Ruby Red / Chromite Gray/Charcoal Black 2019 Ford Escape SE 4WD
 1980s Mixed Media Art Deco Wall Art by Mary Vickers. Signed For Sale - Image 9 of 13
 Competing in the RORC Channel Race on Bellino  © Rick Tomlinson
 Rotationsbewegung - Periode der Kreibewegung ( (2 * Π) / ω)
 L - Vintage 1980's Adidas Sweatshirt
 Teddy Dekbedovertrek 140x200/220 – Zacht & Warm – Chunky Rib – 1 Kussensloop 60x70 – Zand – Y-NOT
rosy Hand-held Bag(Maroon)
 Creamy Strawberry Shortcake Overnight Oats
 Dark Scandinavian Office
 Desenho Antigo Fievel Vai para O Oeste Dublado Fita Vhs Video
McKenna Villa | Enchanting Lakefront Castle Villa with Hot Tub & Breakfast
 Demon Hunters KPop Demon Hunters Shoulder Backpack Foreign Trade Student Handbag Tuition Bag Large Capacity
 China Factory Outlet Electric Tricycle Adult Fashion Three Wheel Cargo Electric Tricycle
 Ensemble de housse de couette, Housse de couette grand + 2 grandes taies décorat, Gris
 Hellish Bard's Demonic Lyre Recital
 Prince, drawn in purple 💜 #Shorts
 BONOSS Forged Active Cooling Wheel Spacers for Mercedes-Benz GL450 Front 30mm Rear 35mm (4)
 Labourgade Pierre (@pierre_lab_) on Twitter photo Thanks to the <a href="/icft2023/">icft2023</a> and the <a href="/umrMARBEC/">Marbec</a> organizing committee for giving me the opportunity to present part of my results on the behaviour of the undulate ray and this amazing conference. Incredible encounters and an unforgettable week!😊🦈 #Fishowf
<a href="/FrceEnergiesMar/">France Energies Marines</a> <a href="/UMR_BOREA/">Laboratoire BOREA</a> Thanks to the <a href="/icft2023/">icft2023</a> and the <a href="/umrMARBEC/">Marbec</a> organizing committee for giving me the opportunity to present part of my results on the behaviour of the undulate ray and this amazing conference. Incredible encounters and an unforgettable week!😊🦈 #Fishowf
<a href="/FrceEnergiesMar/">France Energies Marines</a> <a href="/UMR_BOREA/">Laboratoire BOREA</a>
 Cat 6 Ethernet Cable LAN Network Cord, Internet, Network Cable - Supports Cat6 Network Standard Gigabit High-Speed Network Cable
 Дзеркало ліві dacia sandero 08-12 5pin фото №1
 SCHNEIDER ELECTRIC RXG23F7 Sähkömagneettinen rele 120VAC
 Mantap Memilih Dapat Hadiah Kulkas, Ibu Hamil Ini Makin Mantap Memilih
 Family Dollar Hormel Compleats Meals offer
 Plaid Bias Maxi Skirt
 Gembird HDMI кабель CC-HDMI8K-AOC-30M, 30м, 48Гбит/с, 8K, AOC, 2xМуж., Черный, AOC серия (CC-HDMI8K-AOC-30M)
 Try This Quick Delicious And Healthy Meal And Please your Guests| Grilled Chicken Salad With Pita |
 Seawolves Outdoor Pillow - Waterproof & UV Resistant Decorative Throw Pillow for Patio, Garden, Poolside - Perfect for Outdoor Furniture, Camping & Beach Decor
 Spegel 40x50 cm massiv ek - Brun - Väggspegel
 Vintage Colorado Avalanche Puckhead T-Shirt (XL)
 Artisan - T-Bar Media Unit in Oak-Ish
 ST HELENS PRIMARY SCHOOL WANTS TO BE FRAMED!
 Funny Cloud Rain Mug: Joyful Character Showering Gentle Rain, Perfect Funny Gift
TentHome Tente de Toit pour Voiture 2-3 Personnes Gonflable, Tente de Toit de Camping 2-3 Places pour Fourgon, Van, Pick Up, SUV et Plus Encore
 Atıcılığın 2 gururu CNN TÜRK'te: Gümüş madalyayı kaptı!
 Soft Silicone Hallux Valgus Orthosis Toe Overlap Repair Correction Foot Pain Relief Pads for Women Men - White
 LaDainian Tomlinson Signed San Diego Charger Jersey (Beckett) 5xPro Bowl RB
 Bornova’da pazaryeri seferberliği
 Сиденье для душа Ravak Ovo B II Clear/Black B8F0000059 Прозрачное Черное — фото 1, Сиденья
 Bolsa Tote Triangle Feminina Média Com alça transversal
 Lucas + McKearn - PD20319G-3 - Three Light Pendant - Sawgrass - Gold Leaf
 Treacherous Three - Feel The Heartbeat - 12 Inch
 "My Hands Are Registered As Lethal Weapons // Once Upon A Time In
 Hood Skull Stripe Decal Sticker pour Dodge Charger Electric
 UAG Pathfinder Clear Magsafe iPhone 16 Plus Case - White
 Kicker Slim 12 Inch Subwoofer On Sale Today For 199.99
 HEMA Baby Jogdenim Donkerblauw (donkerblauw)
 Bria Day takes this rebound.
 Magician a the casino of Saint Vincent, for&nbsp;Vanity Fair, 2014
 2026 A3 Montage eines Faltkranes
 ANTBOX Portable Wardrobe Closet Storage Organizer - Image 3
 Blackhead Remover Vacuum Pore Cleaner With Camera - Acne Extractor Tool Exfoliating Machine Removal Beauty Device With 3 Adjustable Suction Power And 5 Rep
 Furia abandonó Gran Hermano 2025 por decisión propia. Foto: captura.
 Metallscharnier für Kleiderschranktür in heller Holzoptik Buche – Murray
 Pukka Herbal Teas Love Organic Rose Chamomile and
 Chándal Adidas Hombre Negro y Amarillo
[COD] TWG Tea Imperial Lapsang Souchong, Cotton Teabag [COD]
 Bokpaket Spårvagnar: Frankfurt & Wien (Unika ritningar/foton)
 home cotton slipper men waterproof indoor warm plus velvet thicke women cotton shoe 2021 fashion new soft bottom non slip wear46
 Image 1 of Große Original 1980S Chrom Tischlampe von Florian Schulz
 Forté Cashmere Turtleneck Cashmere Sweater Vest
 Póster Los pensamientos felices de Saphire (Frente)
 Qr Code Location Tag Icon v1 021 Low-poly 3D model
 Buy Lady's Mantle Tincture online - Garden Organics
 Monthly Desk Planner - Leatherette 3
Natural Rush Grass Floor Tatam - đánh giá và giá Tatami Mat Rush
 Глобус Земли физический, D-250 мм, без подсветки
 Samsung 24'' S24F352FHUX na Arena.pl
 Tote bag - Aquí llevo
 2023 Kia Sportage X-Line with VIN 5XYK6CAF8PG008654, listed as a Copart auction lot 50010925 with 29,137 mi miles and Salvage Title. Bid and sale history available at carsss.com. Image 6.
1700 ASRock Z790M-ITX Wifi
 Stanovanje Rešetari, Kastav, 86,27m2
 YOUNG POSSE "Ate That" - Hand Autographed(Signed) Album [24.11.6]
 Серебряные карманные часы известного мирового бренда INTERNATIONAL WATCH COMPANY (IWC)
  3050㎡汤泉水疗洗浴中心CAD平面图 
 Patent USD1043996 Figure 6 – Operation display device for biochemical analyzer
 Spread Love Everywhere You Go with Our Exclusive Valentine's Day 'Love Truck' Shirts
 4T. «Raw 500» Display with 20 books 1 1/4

▶ _Task directions_
Once you reach the line containing "Серебряные карманные часы", transcribe it and each line after it through the end of the material, exactly and with nothing added.

▶ _Problem solution_
 Серебряные карманные часы известного мирового бренда INTERNATIONAL WATCH COMPANY (IWC)
  3050㎡汤泉水疗洗浴中心CAD平面图 
 Patent USD1043996 Figure 6 – Operation display device for biochemical analyzer
 Spread Love Everywhere You Go with Our Exclusive Valentine's Day 'Love Truck' Shirts
 4T. «Raw 500» Display with 20 books 1 1/4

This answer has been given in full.